Which lines of the entries below run from the one holding "bux und Kurze im Wald in Mahlwinkel." to the one holding "Maroon Khadhi Cotton", inclusive? Set down exactly those lines and no others.

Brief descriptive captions
▬▬▬▬▬▬▬▬▬▬

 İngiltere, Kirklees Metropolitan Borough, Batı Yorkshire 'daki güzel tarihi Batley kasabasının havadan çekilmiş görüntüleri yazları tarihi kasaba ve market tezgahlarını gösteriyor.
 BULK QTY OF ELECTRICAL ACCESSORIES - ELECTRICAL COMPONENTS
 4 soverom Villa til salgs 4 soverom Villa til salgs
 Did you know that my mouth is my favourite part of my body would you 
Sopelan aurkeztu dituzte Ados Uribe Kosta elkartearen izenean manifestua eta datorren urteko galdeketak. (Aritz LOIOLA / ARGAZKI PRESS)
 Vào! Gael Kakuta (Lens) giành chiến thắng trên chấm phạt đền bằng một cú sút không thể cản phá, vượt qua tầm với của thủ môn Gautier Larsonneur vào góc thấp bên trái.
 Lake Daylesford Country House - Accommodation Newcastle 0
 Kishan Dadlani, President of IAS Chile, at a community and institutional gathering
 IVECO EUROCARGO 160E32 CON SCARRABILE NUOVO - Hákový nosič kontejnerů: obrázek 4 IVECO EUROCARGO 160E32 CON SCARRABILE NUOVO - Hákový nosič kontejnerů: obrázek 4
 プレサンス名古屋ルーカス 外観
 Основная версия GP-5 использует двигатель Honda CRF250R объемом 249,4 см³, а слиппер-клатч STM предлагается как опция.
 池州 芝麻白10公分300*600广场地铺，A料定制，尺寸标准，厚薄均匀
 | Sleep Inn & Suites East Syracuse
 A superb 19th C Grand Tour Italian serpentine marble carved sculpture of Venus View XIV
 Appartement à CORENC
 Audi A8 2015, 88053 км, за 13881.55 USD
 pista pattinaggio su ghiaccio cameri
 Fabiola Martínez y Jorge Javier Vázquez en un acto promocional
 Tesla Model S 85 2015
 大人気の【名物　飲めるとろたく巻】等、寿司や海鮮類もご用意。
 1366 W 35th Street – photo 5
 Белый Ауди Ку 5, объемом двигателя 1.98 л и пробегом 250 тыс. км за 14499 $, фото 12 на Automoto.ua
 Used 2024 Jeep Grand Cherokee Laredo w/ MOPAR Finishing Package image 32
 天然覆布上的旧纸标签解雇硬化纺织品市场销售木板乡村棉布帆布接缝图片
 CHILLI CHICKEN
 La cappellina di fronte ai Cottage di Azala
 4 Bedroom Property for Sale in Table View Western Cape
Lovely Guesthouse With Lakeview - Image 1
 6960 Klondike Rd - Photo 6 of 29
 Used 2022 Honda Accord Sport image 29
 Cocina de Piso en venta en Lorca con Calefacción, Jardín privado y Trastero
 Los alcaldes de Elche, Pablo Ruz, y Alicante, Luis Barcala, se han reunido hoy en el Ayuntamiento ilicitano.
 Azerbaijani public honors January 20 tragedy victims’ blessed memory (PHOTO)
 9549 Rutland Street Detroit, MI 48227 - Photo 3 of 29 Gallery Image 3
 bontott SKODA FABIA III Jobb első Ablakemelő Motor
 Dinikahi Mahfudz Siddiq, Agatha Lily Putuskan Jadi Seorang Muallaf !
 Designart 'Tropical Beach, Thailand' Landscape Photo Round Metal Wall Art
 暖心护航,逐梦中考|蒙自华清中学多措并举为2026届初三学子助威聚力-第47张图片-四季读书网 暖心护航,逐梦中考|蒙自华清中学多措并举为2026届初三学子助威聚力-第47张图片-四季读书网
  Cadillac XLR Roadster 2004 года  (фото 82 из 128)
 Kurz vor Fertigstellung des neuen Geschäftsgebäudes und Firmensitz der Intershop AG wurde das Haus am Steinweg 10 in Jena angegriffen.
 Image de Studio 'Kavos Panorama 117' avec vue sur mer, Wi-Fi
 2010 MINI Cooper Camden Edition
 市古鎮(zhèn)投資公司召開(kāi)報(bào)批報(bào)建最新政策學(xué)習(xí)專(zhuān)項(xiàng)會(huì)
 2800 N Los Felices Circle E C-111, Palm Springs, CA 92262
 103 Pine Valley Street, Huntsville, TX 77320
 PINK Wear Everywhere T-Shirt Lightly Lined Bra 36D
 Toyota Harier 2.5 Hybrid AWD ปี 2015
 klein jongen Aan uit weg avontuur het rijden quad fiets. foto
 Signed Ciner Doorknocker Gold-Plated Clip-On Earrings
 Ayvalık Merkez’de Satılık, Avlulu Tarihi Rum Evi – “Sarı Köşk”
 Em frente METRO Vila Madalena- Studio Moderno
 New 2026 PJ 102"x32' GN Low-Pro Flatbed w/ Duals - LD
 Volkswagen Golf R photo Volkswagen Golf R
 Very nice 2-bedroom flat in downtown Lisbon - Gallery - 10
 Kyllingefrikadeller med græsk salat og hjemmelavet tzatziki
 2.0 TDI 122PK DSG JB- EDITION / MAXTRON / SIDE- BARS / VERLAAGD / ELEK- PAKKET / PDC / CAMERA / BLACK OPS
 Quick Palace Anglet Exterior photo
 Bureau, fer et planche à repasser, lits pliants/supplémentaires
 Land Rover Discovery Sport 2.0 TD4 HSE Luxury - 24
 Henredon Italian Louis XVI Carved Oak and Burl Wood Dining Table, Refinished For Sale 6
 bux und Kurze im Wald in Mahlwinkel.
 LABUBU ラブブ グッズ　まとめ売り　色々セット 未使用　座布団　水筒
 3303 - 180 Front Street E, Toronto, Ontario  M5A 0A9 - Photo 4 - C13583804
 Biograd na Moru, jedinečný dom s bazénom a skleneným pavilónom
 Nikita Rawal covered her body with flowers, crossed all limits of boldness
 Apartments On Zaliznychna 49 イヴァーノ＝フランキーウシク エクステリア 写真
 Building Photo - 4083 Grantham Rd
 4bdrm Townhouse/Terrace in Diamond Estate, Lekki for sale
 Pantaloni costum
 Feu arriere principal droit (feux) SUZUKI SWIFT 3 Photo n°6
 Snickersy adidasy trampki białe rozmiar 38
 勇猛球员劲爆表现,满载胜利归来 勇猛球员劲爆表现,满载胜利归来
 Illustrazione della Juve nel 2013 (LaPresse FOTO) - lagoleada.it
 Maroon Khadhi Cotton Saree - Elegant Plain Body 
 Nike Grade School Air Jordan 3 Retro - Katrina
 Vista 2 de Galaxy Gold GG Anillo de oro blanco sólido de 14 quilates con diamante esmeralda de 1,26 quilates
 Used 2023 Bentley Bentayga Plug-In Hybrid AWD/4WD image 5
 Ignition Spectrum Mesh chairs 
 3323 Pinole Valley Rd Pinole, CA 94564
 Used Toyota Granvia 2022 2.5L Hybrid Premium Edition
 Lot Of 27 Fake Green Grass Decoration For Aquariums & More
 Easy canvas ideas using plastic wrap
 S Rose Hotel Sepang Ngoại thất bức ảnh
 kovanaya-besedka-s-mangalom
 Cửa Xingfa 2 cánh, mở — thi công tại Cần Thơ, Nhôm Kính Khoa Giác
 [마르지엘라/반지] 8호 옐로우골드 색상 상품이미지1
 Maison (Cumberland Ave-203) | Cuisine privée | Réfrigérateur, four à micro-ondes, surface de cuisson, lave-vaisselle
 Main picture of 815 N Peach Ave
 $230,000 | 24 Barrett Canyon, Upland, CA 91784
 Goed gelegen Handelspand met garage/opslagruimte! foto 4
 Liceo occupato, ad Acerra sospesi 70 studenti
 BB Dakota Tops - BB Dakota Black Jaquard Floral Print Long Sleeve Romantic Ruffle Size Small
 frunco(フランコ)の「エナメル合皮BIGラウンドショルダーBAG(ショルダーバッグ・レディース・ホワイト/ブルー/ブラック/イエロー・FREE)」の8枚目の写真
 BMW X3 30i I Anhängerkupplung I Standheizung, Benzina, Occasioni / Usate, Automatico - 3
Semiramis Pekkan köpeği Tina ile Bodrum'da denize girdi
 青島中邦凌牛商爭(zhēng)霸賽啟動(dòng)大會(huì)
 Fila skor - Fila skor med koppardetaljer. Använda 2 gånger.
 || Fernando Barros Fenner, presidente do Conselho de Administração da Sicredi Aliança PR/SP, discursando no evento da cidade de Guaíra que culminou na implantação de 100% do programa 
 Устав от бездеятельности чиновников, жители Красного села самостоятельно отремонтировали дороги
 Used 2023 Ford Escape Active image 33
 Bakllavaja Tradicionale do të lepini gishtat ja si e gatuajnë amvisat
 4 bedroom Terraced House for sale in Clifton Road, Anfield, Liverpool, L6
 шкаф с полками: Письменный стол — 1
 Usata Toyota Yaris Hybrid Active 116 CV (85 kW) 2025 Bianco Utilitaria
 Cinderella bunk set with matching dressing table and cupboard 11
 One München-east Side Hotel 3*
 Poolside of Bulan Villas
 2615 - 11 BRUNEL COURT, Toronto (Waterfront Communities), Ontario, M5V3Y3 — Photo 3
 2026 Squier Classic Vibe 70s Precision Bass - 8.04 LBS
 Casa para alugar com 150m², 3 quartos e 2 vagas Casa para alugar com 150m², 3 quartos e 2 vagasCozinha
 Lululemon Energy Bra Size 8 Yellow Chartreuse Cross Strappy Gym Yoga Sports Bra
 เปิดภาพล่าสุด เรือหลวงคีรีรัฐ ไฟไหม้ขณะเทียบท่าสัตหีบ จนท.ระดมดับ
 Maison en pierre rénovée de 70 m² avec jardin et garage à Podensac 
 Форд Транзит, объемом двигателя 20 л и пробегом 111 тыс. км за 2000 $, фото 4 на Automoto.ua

▬▬▬▬▬▬▬▬▬▬

* **REPLY TO THE EXERCISE**
 bux und Kurze im Wald in Mahlwinkel.
 LABUBU ラブブ グッズ　まとめ売り　色々セット 未使用　座布団　水筒
 3303 - 180 Front Street E, Toronto, Ontario  M5A 0A9 - Photo 4 - C13583804
 Biograd na Moru, jedinečný dom s bazénom a skleneným pavilónom
 Nikita Rawal covered her body with flowers, crossed all limits of boldness
 Apartments On Zaliznychna 49 イヴァーノ＝フランキーウシク エクステリア 写真
 Building Photo - 4083 Grantham Rd
 4bdrm Townhouse/Terrace in Diamond Estate, Lekki for sale
 Pantaloni costum
 Feu arriere principal droit (feux) SUZUKI SWIFT 3 Photo n°6
 Snickersy adidasy trampki białe rozmiar 38
 勇猛球员劲爆表现,满载胜利归来 勇猛球员劲爆表现,满载胜利归来
 Illustrazione della Juve nel 2013 (LaPresse FOTO) - lagoleada.it
 Maroon Khadhi Cotton Saree - Elegant Plain Body 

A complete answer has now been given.